By Witness Radio Team.
Kiryandongo. A criminal trespass case against a community land rights defender has been dismissed over the prosecution’s failure to adduce evidence before the Chief Magistrate Court that pinned the community defender on the alleged charges.
On 27th October 2021, Kiryandongo Chief Magistrate Court charged Otyaluk David with criminal trespass and remanded him to Masindi prison. He was later granted court bail and since then, he has been traveling 48 kilometers to and from court every fortnight.
Before he was presented before a court, Otyaluk was kidnapped and illegally detained in Kiryandongo Central Police Station (CPS) cells for five (5) days for trespassing on a piece of land he (Otyaluk) had lived and cultivated since he was born.
In the afternoon of 21st October, two (2) armed men cladding Uganda People Defense Forces (UPDF) uniform and police personnel raided Otyaluk’s home and got him kidnapped to an unknown destination. UPDF soldiers guard Kiryandongo Sugar Limited plantations.
“On the day of his kidnap, Otyaluk was found praying in his house. In a blink of an eye, the defender was rounded up and bundled onto a vehicle owned by Kiryandongo Sugar Limited, forcefully evicting us off our land. We later learned that he was taken into evictor’s facilities where he was kept for some time before being transferred to Kiryandongo CPS” A family member remembers.
A family member further added that before the kidnap, Otyaluk’s family had lost about 12 acres of land to Kiryandongo Sugar Limited.
“Company workers under the protection of soldiers brought a tractor and plowed acres of semi-mature maize, beans, sorghum, and sim-sim. We were only left with a small piece of land where our house sits and we are currently trapped in the middle of a sugarcane plantation” a family member added.
Since the trial period was announced, the prosecution failed to bring witnesses to pin Otyaluk for trespassing on his land. It was only on the 19th of July, 2022 during a court session, one Adamuru Peter, allegedly to be a company manager turned up as a company representative but not as a witness.

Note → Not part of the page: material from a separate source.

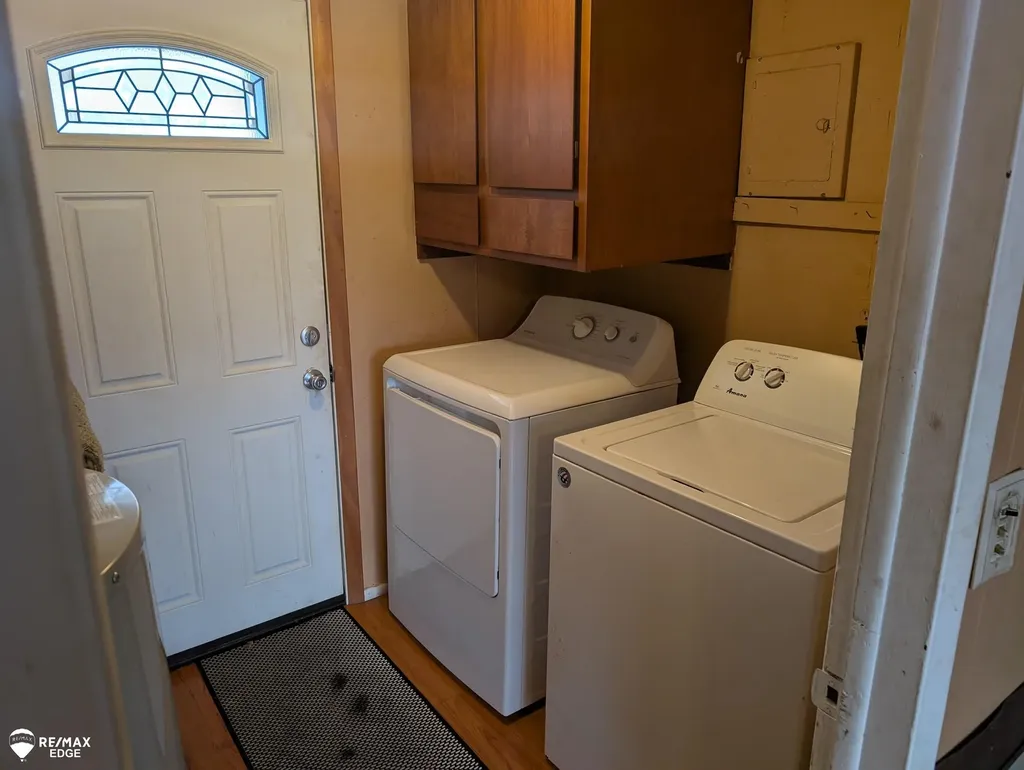 710 Lakeshore Drive Deerfield Township MI 48421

In her ruling last week, a magistrate at Kiryandongo Magistrate court discontinued the trial of Otyaluk and dismissed the case.
Otyaluk is one of the luckiest among hundreds of community land and environmental rights defenders currently under persecution to have his case dismissed. It’s an order of the day for the community land and environmental rights defenders to be kidnapped, arbitrarily arrested, and tortured on orders of investors for their work of mobilizing the communities to desist land grabs.
Kiryandongo Sugar Limited is among multinationals forcefully evicting over 35000 local and indigenous people off their land to give way to large-scale agribusinesses.
Kiryandongo Sugar Limited is one of the many companies owned by the Rai Group of Mauritius. The dynasty owns several other companies in DR Congo, Kenya and Malawi, and Uganda. A dynasty owns companies such as West Kenya Sugar (which owns Kabras Sugar), Timsales Limited, Menengai Oil Refineries, Rai Ply, and Webuye Panpaper.
In Uganda, the Rai Group of Mauritius owns Nile Ply limited, Kinyara Sugar Limited, and Masindi Sugar Limited among others. One of its directors is a shareholder of a British Virgin Islands company, listed in the Panama Papers database recently.
The same company has fraudulently gotten a license to replace part of Bungoma natural forest with a sugarcane plantation.
“Court has shown today that the company is maliciously arresting us to keep us in jails. To weaken our hearts, wasting our time and resources. They intentionally do this because we refused to surrender the land we have lived on for years. It is shaming that the government has failed to protect the rights of the poor people.” The defender noticed.